Across all of her solo work so far, Shilosonova has remained in dialogue with other collaborators, significantly members of Glintshake, who have recorded and toured her material. “It’s super important to have the opportunity to work with others, and they are the people I like to play with most. The level of understanding is insane,” she says. Her Glintshake bandmate Jenya Gorbunov plays the record’s unusually prominent, rubbery, propulsive basslines, a stand out component on “Plans” and much of the album. On “Ça Commence Par” it comes together with percussion to become almost carnivalesque.

A far cry from the comparatively austere для FOR, Room for the Moon is a thoroughly accessible work, combining this desire to dance and sing with her willingness to experiment on the fringes. It also combines with her love of 80s signifiers, from Western synth-pop to, again, her beloved Japanese city pop. She puts her reverence for the latter down somewhat to the similar compositional patterns found in Japanese music and the traditional songs she absorbed at home in her native Russian region of Tartarstan. “When you’re growing up and you listen to this kind of music, and you even study it in school, it affects you a lot,” she says. “When I listen to Japanese music, I feel like I’m at home.”

Image: Johnathan Miles

Image: Johnathan Miles

But while hints of heritage and the structural integrity of her music points to Shilonosova’s high art leanings, Room for the Moon is just as preoccupied with something more base. At its peak, the slick maximalist sheen of Japanese city pop garnered little respect, and at its worst was dismissed and derided. Yet Shilonosova says the “goofy, crazy, free, inauthentic, imperfect”-ness of both the genre, and of much of the 80s — the shoulder pads, the bouffant hair; its artificiality and humour — is just as aesthetically inspiring for her.
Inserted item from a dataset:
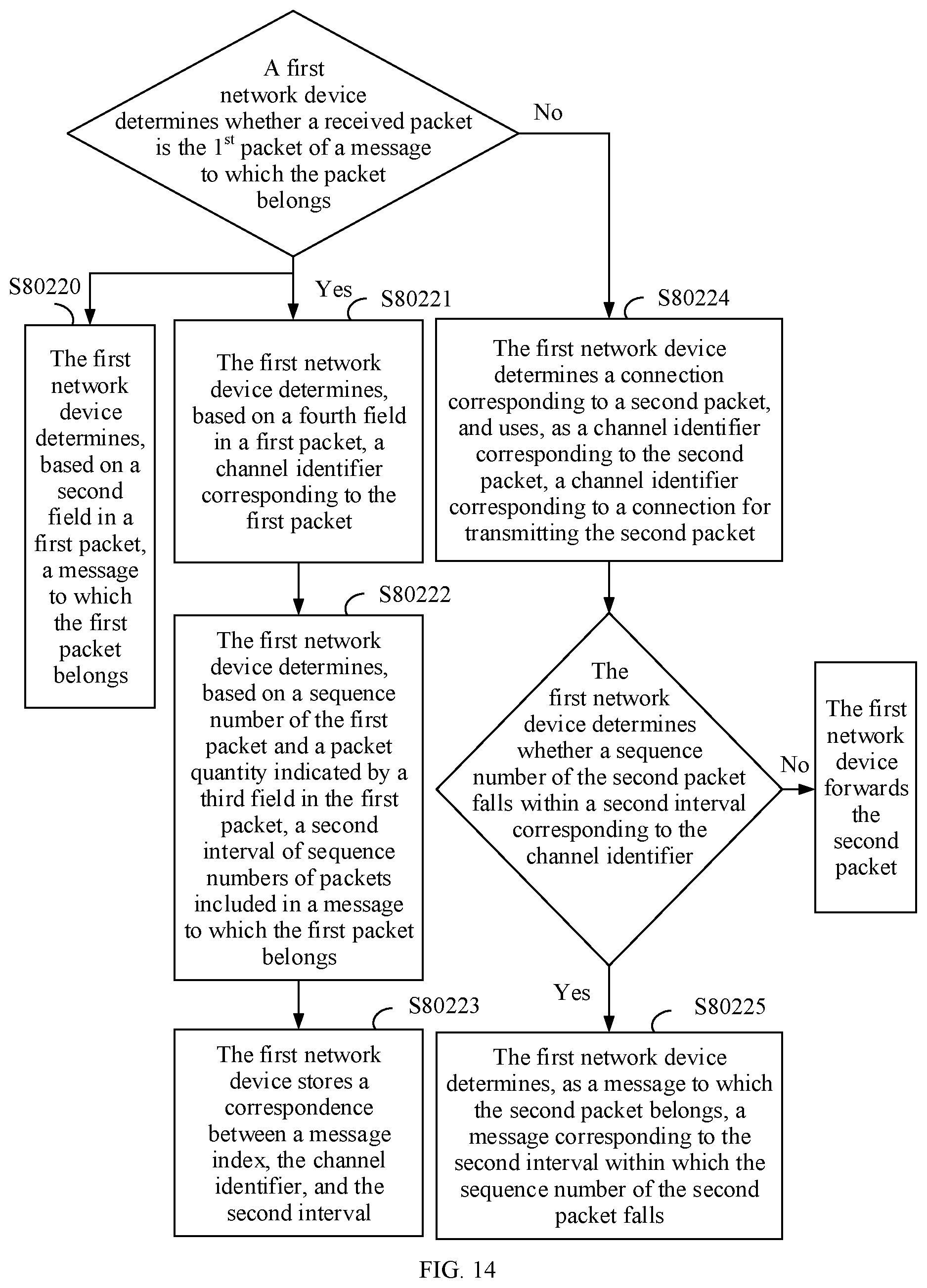 Patent US12568158 Figure 11 – Communication method and apparatus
It means where для FOR was domestic and rooted in Shilonosova’s present, Room for the Moon is multi-cultural, borderless, both esoteric and populist.
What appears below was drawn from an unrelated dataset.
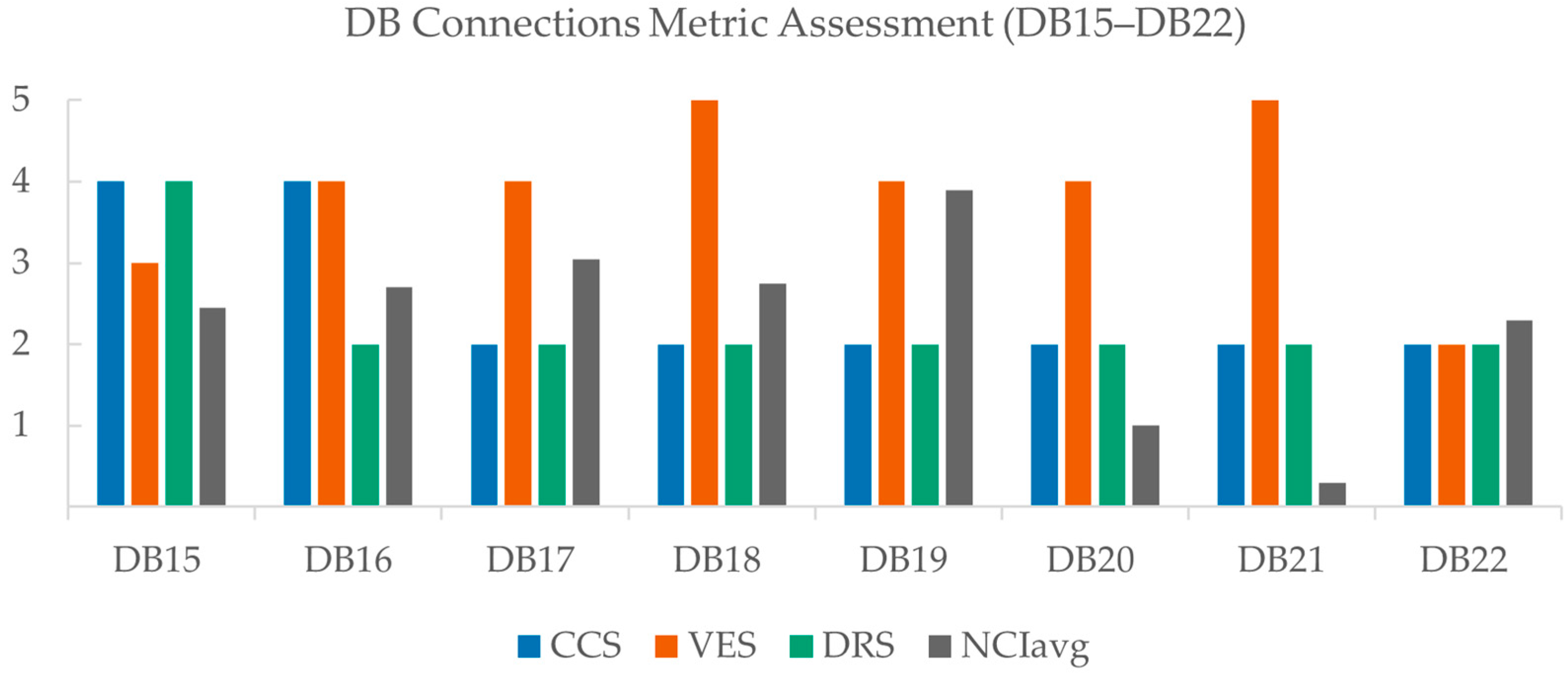 Buildings 16 00431 g010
In the comments that accompany the album, it notes that many of the album’s songs were born of “unlived memories”. It’s a reference to the impact of Shilonosova’s mother, who raised her on kids’ movies from the 70s and 80s — a second hand nostalgia. When Shilonosova was overcome with sudden feelings of loneliness, she reached back inside herself to find these childhood moments of comfort. “My mother created a magical world for me growing up. It went straight to my core. When I was alone, I couldn’t bring myself to go outside, so I travelled deep inside myself. I was figuring out everything that would make myself happy, and find this happiness in very simple things. I think lots of people are going through something similar just now.”
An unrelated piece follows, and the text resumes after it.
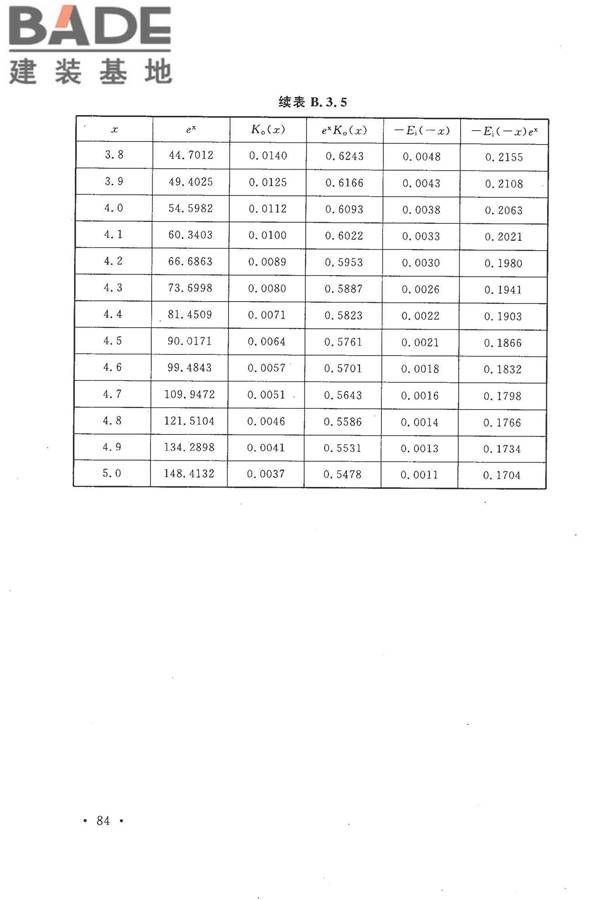 冶金工业水文地质勘察规范_页面_094.jpg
With no indication of when she will be able to tour the album, Shilonosova, like most people, is stuck. “I love Moscow with all my heart, but with this quarantine, I feel like I’m living somewhere in between,” she says, stumbling a little. “The political atmosphere has been dark and Moscow is full of enthusiastic and artistic people who really want to do something good for the country, for the city, for the scene. But being an artist here is a struggle; so is being Russian. It’s unpredictable. I cannot even say what is normal right now. It’s intense. It must be for everyone. I feel like Alice falling down the rabbit hole — something is happening but you cannot see the bottom.”

Room for the Moon is released on 12 June via RVNG Intl.